* _Source material_
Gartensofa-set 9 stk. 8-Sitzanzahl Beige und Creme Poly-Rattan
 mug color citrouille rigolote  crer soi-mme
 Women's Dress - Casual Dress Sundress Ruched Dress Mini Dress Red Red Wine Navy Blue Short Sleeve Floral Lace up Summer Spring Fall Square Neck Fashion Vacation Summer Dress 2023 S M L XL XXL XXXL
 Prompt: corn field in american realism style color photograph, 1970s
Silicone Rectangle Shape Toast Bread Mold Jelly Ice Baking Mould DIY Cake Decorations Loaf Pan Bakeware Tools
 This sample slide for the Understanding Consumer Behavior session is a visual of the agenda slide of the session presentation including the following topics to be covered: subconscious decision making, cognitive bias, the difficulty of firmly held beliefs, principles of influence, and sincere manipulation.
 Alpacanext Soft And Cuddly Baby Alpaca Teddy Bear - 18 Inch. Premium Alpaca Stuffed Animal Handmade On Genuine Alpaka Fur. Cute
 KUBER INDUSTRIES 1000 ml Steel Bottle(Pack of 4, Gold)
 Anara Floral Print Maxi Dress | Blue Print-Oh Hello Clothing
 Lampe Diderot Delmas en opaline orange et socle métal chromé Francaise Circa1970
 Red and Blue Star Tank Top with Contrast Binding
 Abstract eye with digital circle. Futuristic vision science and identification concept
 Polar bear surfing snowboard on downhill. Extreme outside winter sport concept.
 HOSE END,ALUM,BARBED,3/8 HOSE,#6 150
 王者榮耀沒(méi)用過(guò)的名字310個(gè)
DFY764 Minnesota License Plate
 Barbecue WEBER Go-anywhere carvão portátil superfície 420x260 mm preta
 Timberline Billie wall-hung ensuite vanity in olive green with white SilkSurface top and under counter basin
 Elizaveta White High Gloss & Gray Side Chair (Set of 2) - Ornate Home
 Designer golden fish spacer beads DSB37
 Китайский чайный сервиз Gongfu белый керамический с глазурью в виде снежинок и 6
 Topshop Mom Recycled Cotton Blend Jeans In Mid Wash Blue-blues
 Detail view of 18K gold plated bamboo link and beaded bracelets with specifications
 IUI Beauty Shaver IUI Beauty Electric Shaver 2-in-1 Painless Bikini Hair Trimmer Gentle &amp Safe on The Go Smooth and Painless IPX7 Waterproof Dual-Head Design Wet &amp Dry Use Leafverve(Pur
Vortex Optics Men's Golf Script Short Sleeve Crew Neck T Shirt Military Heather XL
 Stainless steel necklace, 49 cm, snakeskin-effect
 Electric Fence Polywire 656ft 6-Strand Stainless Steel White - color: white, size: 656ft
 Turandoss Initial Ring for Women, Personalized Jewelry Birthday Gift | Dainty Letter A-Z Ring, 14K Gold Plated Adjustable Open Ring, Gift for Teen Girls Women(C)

* _Problem to work on_
Look over the material above and report each line holding "Sleeve".

* _Result of the task_
 Women's Dress - Casual Dress Sundress Ruched Dress Mini Dress Red Red Wine Navy Blue Short Sleeve Floral Lace up Summer Spring Fall Square Neck Fashion Vacation Summer Dress 2023 S M L XL XXL XXXL
Vortex Optics Men's Golf Script Short Sleeve Crew Neck T Shirt Military Heather XL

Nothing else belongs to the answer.